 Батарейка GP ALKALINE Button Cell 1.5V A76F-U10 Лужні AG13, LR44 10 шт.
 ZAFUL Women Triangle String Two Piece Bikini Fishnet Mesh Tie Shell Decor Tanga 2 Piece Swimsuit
__________________________________________________
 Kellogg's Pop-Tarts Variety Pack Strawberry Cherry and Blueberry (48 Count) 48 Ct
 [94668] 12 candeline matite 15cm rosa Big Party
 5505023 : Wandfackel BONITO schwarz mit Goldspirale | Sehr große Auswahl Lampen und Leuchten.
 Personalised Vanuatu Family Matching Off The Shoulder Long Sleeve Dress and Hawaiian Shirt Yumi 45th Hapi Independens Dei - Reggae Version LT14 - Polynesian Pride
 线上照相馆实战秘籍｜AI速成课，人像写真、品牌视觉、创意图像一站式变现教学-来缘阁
__________________________________________________
Task: Extract exactly and only the lines above from the line containing "Kellogg's Pop-Tarts Variety" through the line containing "5505023 : Wandfackel", both end lines included.

Task solution:
 Kellogg's Pop-Tarts Variety Pack Strawberry Cherry and Blueberry (48 Count) 48 Ct
 [94668] 12 candeline matite 15cm rosa Big Party
 5505023 : Wandfackel BONITO schwarz mit Goldspirale | Sehr große Auswahl Lampen und Leuchten.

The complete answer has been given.